We must ascertain the intent of a statute from all of its parts, from the subject matter to which it relates, and we *665must construe it so as to render the legislation effective, consonant with reason and common sense. See Globe Newspaper Co. v. Beacon Hill Architectural Commn., 421 Mass. 570, 592 (1996); Champigny v. Commonwealth, 422 Mass. 249, 251 (1996). The statutory language itself is our principal source of insight into the legislative purpose. Scheffler’s Case, 419 Mass. 251, 255 (1994). We think it plain that the purpose of the statute is to require written agreements for compensation for certain services,3 although the scope of such services, based upon the statutory language, is unclear. Each provision of the statute is to be given some meaning. See Volin v. Board of Pub. Accountancy, 422 Mass. 175, 179 (1996); Champigny v. Commonwealth, supra at 252. Accordingly, we interpret the statute to require written agreements where there is to be compensation “for service as a broker or finder,” or “for service rendered in negotiating a loan or in negotiating the purchase, sale or exchange of a business [or component elements thereof].” The repetition of the words “for service” in discrete phrases coupled with the use of the disjunctive “or” suggests that the Legislature considered each category of services separately.4 “The word ‘or’ is given a disjunctive meaning unless the context and the main purpose of all the words demand otherwise.” Nuclear Metals, Inc. v. Low-Level Radioactive Waste Mgmt. Bd., 421 Mass. 196, 212 (1995), quoting from Eastern Mass. St. Ry. v. Massachusetts Bay Transp. Authy., 350 Mass. 340, 343 (1966). *666Bello v. South Shore Hosp., 384 Mass. 770, 782 (1981). Nothing in the language of the statute or the context in which it is used demands or even suggests other than a disjunctive meaning here, or that it was the intent of the Legislature to limit the applicability of the Statute of Frauds to brokers of loans and businesses, as the broker contends.5

The broker argues, however, not without some force, that our interpretation of § 7 renders it applicable to myriad occupations (e.g., stockbrokers and commodity brokers), and thus that it is unlikely that the Legislature intended that the statute have such broad application. Mindful of “the maxim of statutory construction which suggests that a statutory expression of one thing is an implied exclusion of other things omitted from the statute[,]” Harborview Residents’ Comm., Inc. v. Quincy Hous. Authy., 368 Mass. 425, 432 (1975), see Aquino v. Civil Serv. Commn., 34 Mass. App. Ct. 538, 541 (1993), we think that this argument does not prevail in light of the Legislature’s express exception of two occupations from the statute’s requirement of a written compensation *667agreement for professional services, i.e., “an attomey-at-law or a licensed real estate broker or real estate salesman acting in their professional capacity.” The rationale for carving out these exceptions may have been that such professionals frequently provide services respecting loans or the transfer of a business which fall within the definition of “negotiating”; this, however, does not compel the conclusion that the statute applies only to those activities.
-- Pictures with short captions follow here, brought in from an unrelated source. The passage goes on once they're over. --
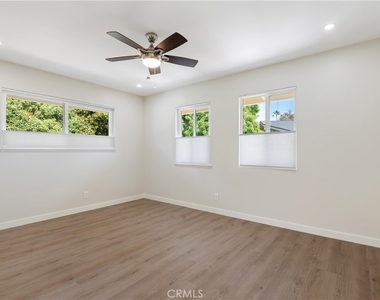 928 Seaside Court - Photo Thumbnail 13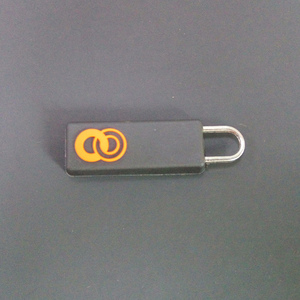 Tirador de cremallera con logotipo de goma de silicona hecho a medida - Product Image 3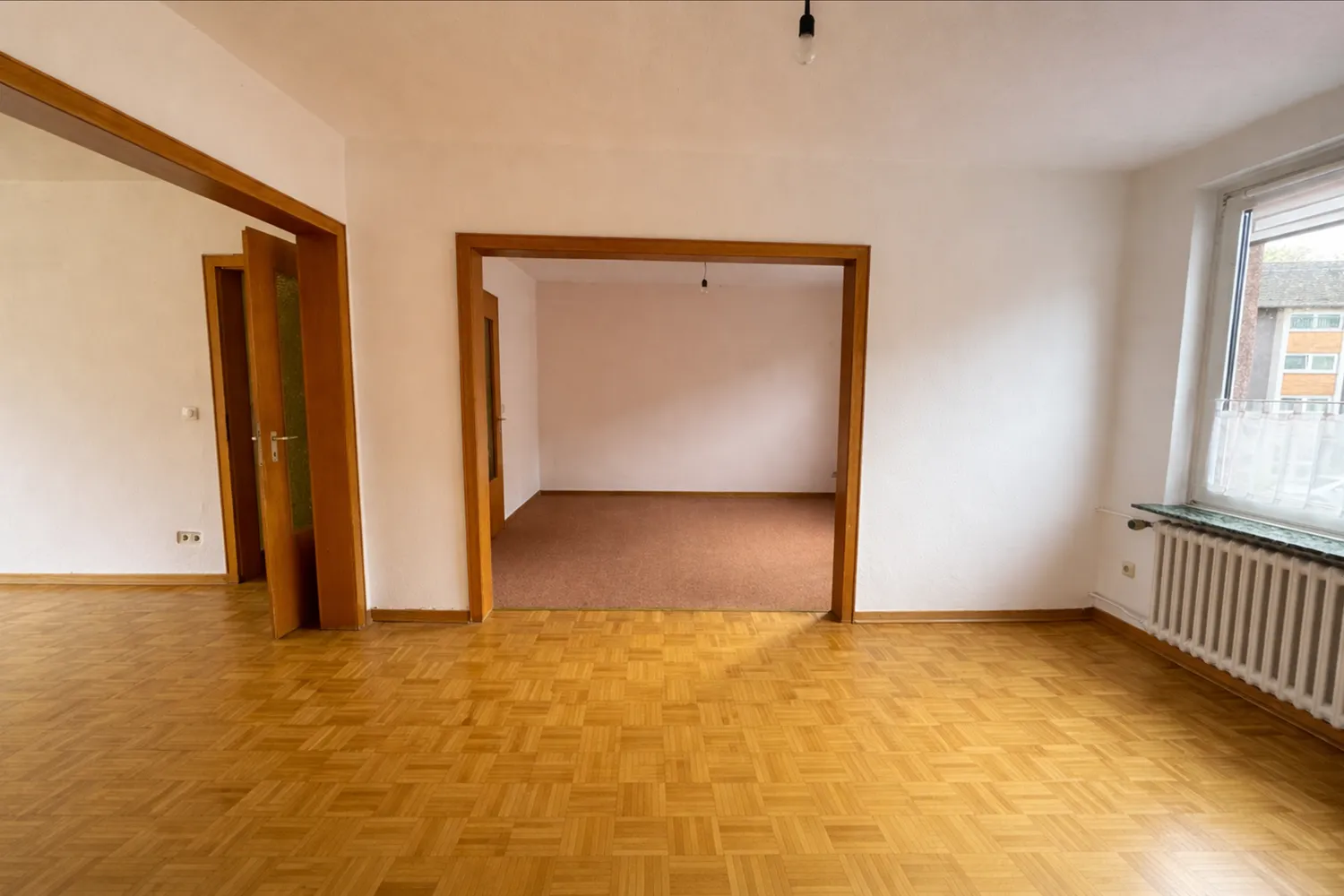 7 Zimmer Wohnung mit 132 m² in Duisburg – Bild 3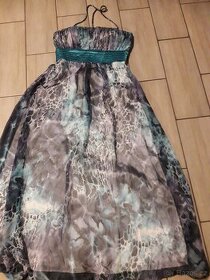 Dvoje plesové šaty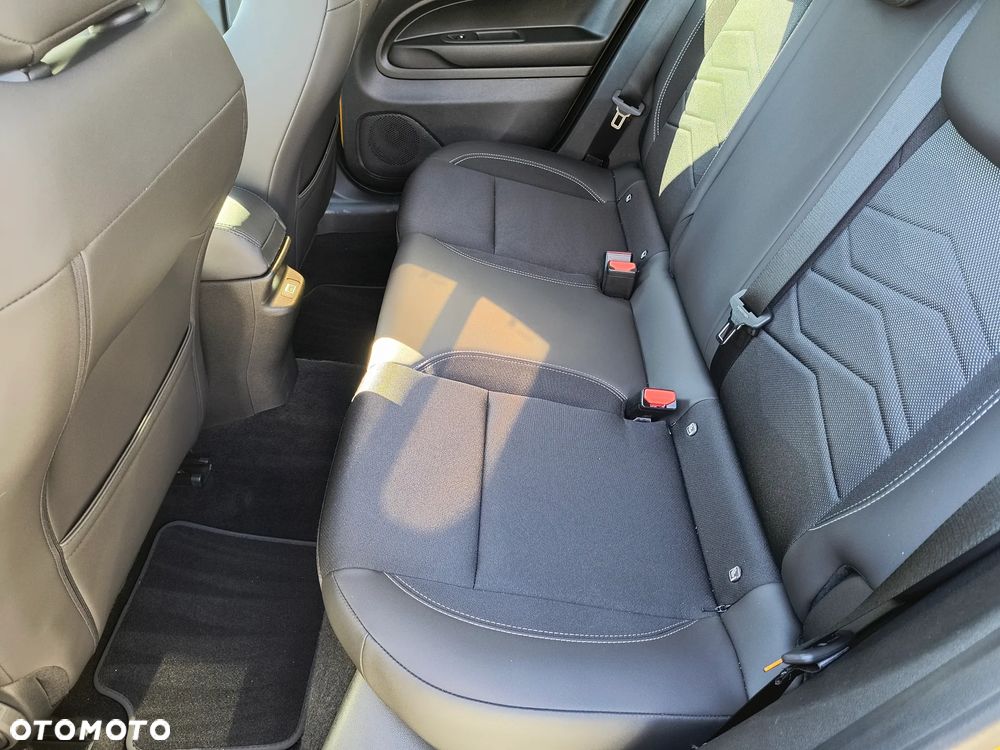 Jeep Avenger 1.2 T3 mHEV Altitude FWD eDCT6 - 9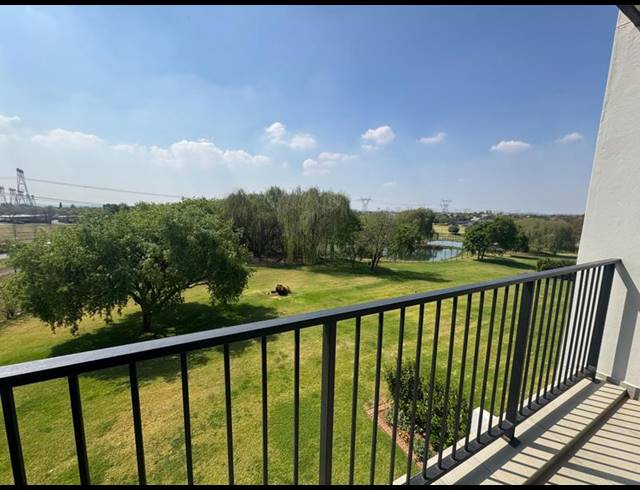 2 BEDROOM PROPERTY TO RENT IN MIDFIELD ESTATE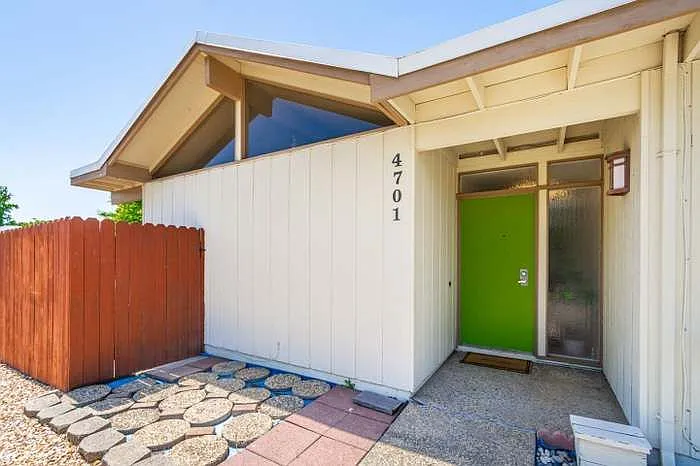 4701 River College Dr — Photo 22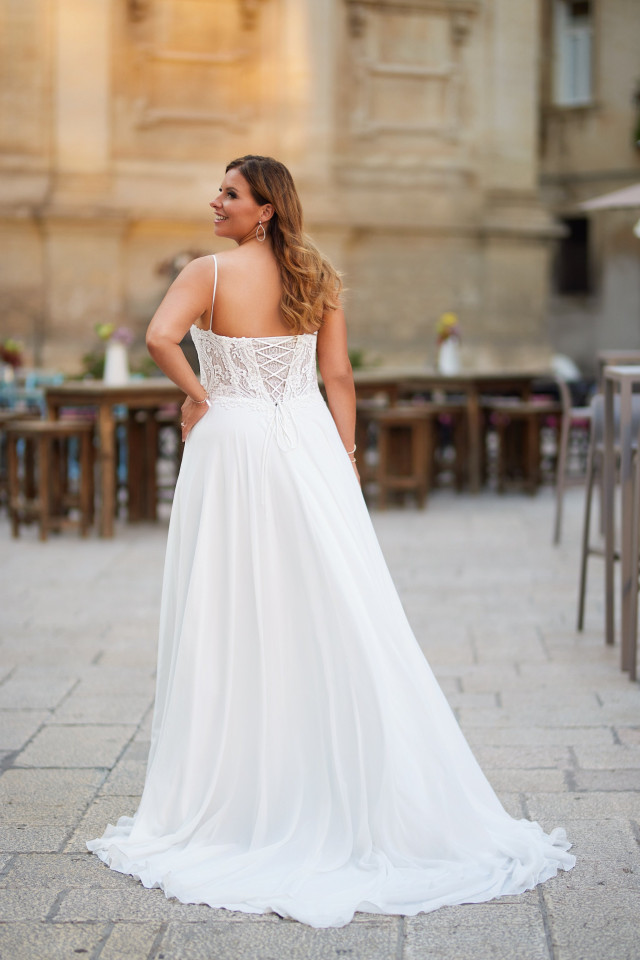 Miss Emily - 24305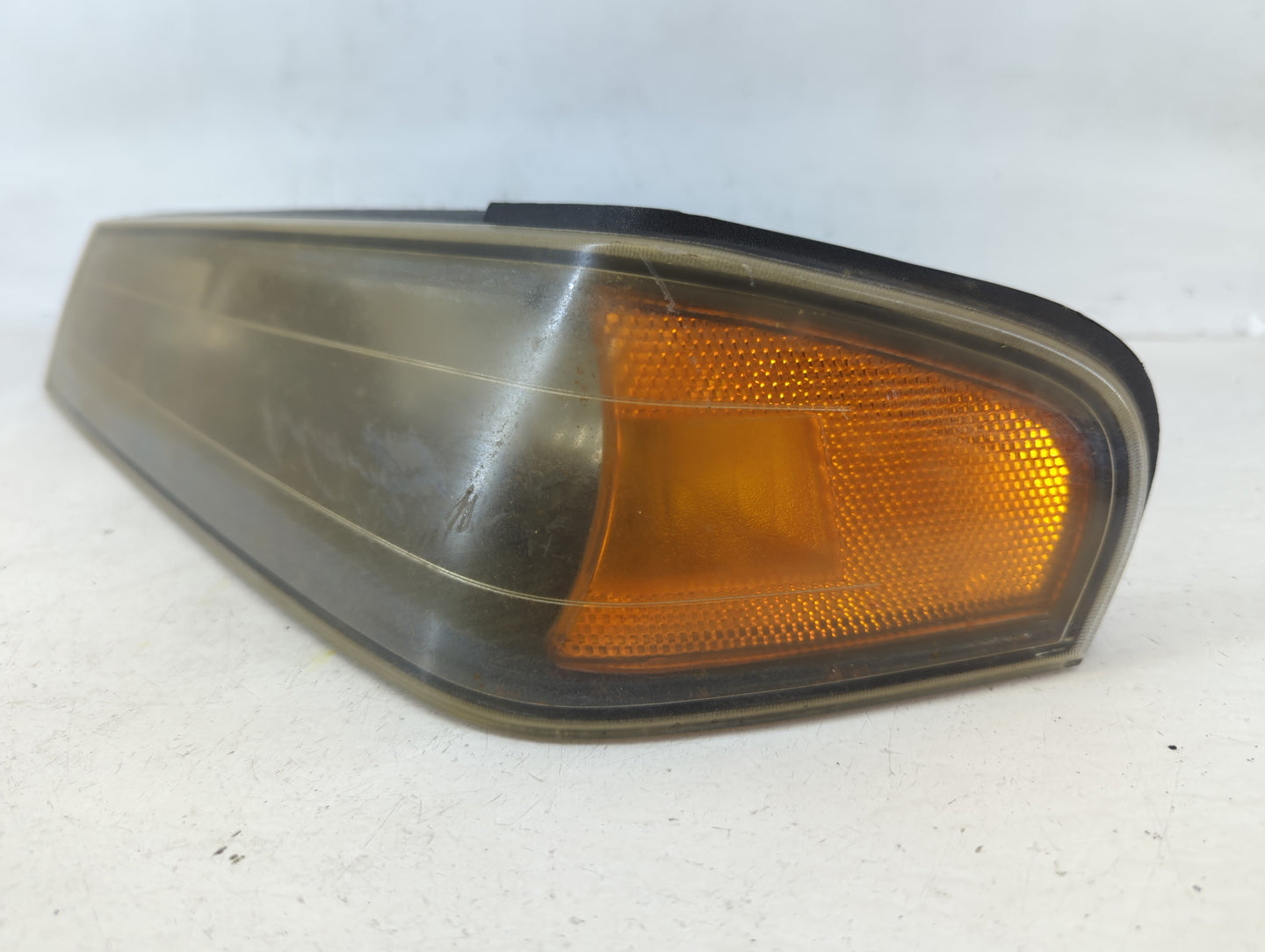 2004-2005 Chevrolet Colorado Driver Left Oem Head Light Headlight Lamp - Oemusedautoparts1.com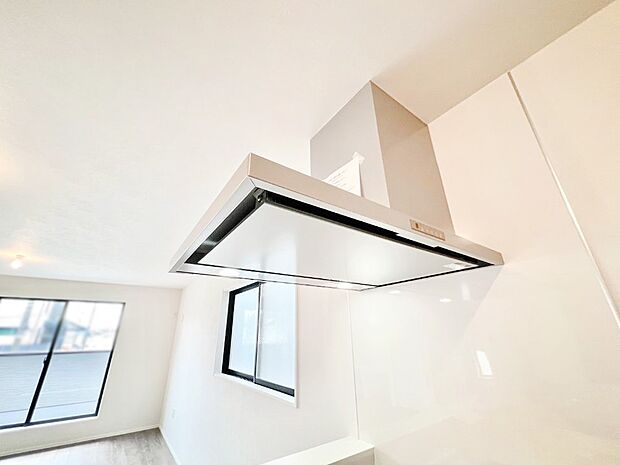 【レンジフード】基本的なお手入れはフィルターのみ！お手入れのしやすさも魅力です。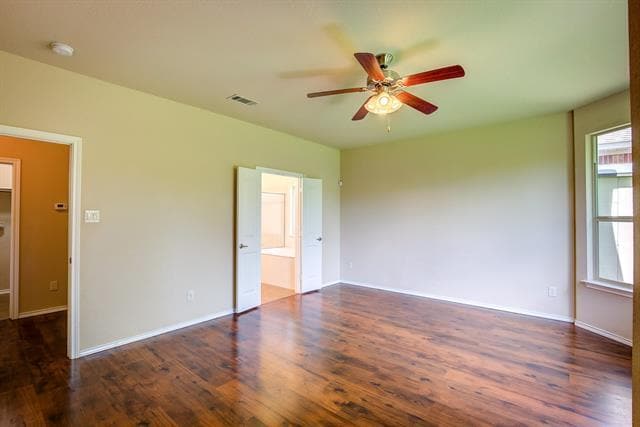 Building Photo - 1109 Central Village Dr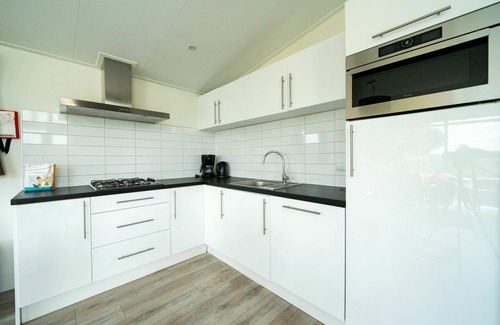 Municipality of Waalwijk House | Stunning private villa for 4 people with WIFI, pool, TV and terrace
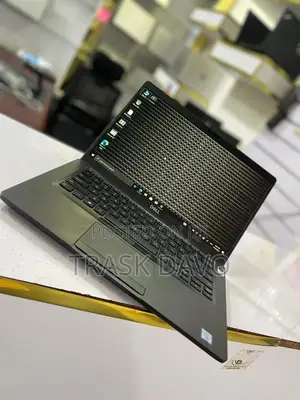 Laptop Dell Latitude 5401 16GB Intel Core I7 SSD 512GB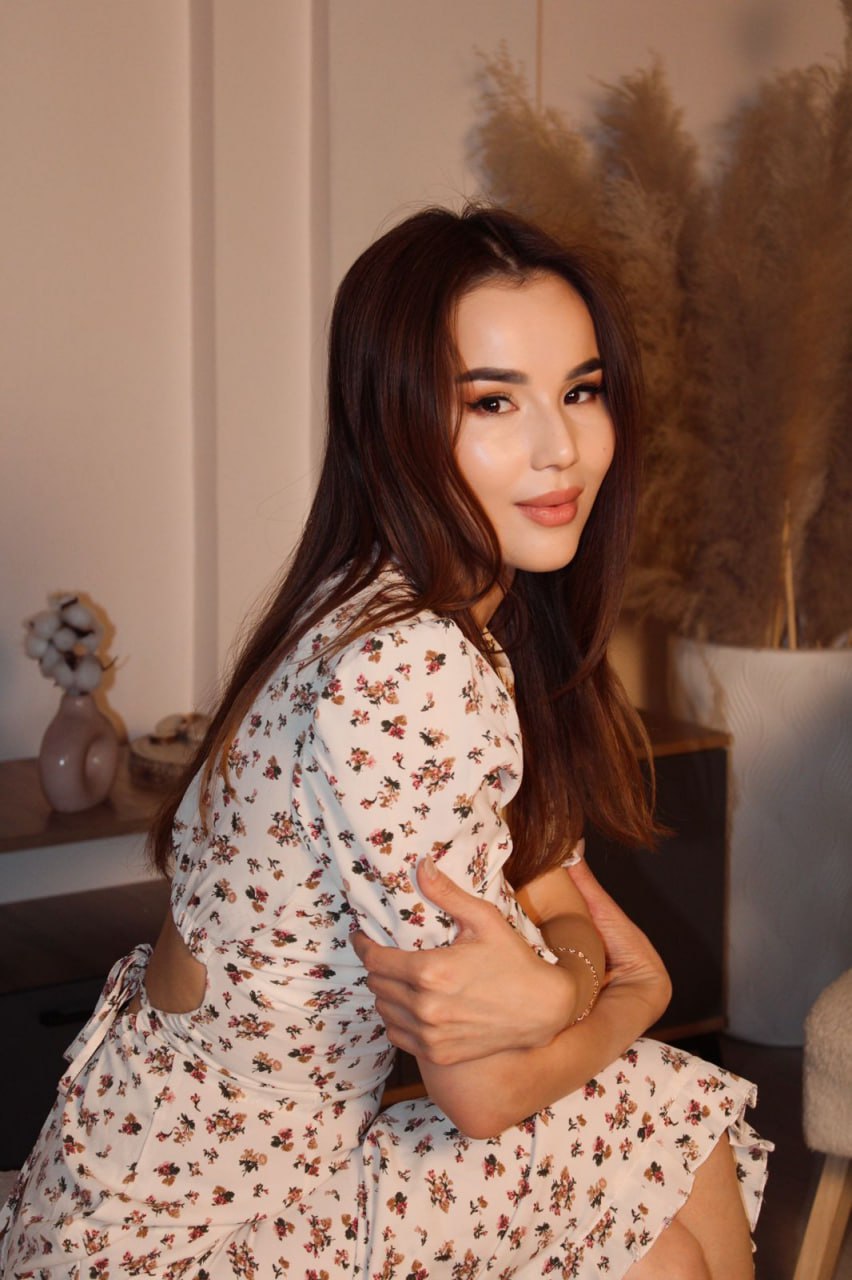 Эскортница Авери, возраст – 25, вес 49, размер груди – 1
Indeed, apart from these express exceptions, we do not find in the statute any basis for concluding that the Legislature intended to obviate disputes over claimed commissions for services rendered in certain commercial brokerage contexts, but not others.

Judgment reversed.

Judgment notwithstanding the verdict is to enter for the defendant.

Special questions were also submitted to the jury on a theoiy of quantum meruit. Without reaching those questions, the jury had first returned a verdict on the contract count in favor of the plaintiff- which did not name an actual figure for damages. When the jury were sent back for the further deliberations which resulted in the $50,000 verdict, the plaintiff agreed to waive the quantum meruit claim (The judge had suggested that the jury *663“would not reach the quantum meruit claim having decided that there was a breach of contract”). Compare Heil v. McCann, 360 Mass. 507, 511 (1971). All other counts of the complaint either were voluntarily dismissed or were waived by the plaintiffs failure to have them submitted to the jury. Our review is thus confined to the plaintiffs claim based upon breach of the oral contract.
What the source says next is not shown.